Assignment: In the entries below, find the line with "яблочная шарлотка простая. Шаг 5" and the line with "Teuchern, Sasko-Anhaltsko Pronájem". Repeat exactly everything between them, those two lines included, but not the pictures.

Records supplied:
──────
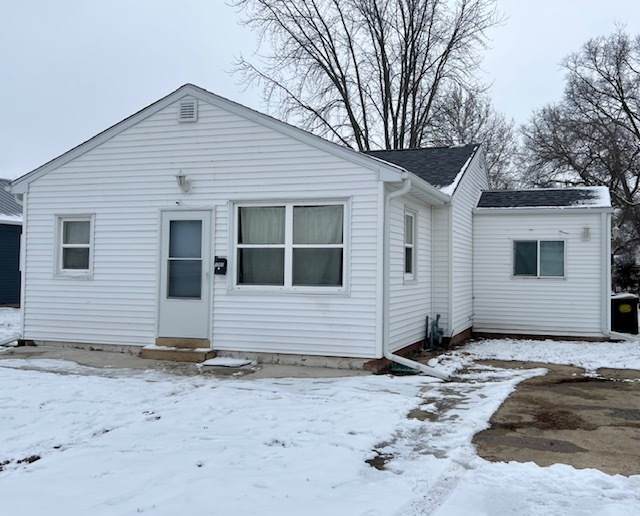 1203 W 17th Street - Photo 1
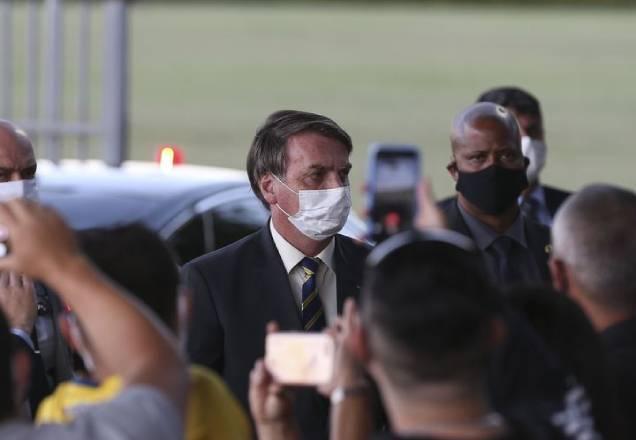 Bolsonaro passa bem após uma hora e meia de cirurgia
──────
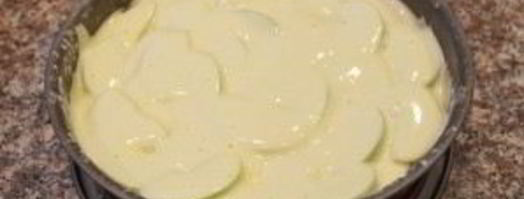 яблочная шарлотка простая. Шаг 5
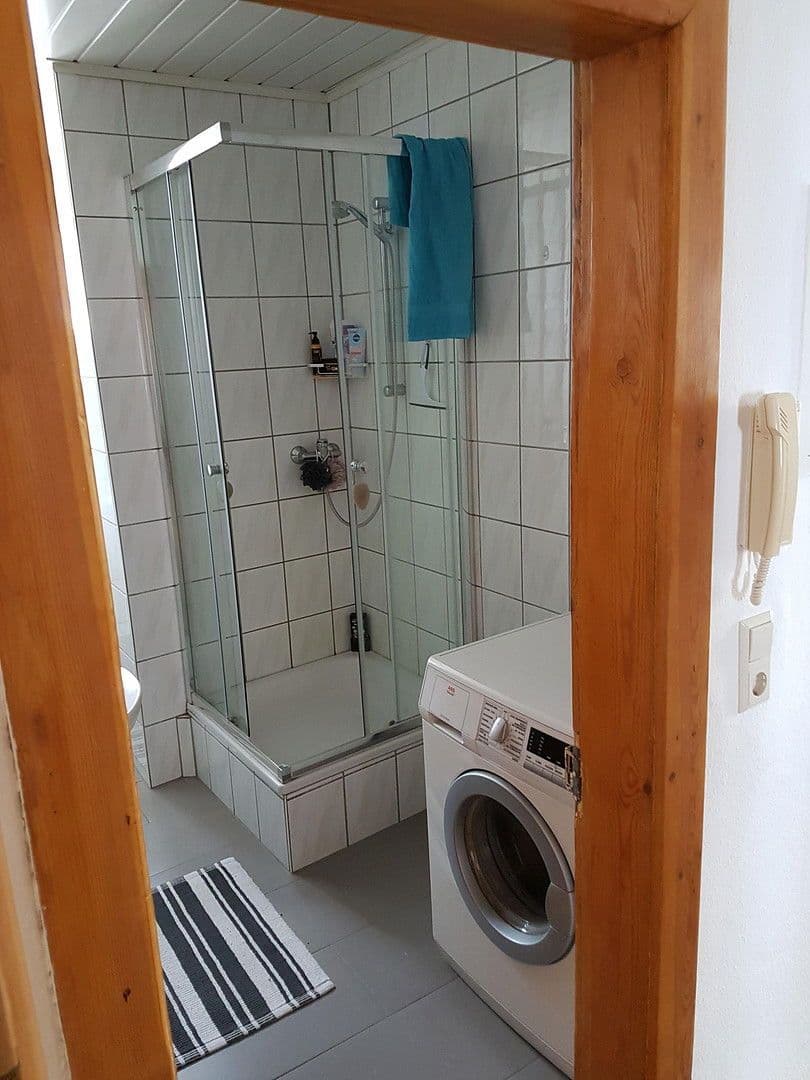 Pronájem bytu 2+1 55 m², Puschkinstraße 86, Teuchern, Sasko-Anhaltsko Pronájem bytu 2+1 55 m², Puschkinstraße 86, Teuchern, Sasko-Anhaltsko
──────
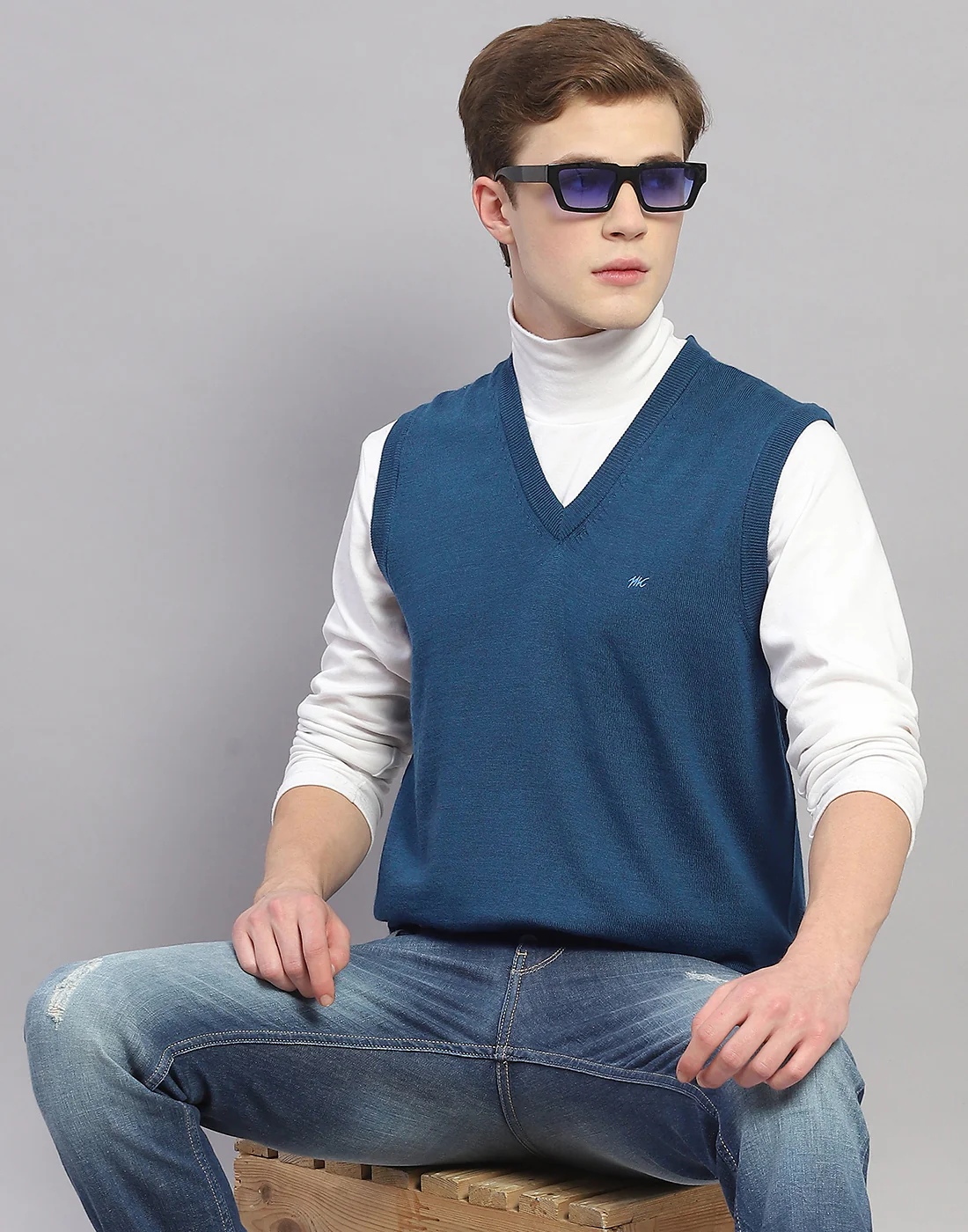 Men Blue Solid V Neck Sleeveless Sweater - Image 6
──────
Written reply:
 яблочная шарлотка простая. Шаг 5
 Pronájem bytu 2+1 55 m², Puschkinstraße 86, Teuchern, Sasko-Anhaltsko Pronájem bytu 2+1 55 m², Puschkinstraße 86, Teuchern, Sasko-Anhaltsko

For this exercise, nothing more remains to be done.